• Task item: Which lines in the data contain the word "model"? Please copy each of them.

Records excerpted from a collection:
────────────────

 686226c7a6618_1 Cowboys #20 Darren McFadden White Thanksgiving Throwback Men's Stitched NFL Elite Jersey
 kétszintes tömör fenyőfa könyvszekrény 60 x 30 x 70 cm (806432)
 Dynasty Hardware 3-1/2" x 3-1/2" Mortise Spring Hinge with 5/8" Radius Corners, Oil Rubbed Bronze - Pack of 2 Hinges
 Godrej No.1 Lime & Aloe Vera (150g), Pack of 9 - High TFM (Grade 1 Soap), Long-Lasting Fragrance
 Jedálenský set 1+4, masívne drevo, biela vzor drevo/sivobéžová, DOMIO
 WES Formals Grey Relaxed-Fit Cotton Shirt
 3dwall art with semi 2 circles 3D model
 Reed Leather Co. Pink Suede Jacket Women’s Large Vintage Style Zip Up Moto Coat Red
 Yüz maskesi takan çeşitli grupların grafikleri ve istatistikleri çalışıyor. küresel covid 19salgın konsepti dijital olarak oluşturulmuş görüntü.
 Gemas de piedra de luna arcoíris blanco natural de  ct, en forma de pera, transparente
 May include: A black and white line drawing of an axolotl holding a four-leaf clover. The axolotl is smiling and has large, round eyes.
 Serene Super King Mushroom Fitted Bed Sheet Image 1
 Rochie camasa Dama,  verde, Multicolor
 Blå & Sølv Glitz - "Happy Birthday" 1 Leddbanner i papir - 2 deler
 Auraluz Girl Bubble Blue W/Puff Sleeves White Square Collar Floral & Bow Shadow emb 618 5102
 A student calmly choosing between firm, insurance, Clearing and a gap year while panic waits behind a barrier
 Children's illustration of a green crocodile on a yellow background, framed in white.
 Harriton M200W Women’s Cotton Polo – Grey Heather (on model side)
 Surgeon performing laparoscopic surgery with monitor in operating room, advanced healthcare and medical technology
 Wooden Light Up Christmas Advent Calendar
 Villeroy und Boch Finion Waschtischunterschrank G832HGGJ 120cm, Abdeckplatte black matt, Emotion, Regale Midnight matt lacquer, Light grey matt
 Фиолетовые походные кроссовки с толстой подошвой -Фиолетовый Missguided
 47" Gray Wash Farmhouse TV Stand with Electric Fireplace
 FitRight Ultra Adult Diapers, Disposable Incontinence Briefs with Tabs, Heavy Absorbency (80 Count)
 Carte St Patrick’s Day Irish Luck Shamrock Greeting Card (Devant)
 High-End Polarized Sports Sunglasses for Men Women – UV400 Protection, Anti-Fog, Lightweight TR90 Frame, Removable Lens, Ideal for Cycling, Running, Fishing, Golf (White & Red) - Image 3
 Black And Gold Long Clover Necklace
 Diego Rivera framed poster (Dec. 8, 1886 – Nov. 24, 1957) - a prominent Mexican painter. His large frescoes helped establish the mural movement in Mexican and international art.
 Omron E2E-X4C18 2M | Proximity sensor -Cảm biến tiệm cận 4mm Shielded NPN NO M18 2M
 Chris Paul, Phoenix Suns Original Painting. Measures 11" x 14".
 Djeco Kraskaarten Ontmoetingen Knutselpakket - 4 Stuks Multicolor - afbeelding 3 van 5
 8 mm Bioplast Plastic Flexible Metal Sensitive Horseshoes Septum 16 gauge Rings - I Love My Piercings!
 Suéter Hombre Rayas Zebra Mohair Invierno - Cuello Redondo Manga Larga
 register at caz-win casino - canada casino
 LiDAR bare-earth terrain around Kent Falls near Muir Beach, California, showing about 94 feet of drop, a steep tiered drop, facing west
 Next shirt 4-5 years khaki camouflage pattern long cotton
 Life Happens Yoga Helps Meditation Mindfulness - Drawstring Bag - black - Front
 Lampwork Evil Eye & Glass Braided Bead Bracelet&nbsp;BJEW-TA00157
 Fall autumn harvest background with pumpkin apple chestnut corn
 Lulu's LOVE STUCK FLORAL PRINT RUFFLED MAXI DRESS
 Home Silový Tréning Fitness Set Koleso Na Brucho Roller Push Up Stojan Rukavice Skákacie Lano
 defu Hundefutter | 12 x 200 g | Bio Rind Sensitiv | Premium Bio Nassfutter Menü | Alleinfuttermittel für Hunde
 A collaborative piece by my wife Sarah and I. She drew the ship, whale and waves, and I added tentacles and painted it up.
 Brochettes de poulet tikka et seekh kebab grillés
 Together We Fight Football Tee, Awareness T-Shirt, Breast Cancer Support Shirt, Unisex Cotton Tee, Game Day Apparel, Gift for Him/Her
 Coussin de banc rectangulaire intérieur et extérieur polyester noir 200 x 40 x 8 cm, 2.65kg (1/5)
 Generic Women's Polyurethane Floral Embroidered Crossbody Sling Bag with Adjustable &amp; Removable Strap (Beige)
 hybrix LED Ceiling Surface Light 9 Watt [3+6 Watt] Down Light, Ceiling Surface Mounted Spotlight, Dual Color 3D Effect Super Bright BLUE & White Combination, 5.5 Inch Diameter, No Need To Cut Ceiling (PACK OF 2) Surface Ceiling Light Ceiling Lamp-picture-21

────────────────

• Task answer:
 3dwall art with semi 2 circles 3D model
 Harriton M200W Women’s Cotton Polo – Grey Heather (on model side)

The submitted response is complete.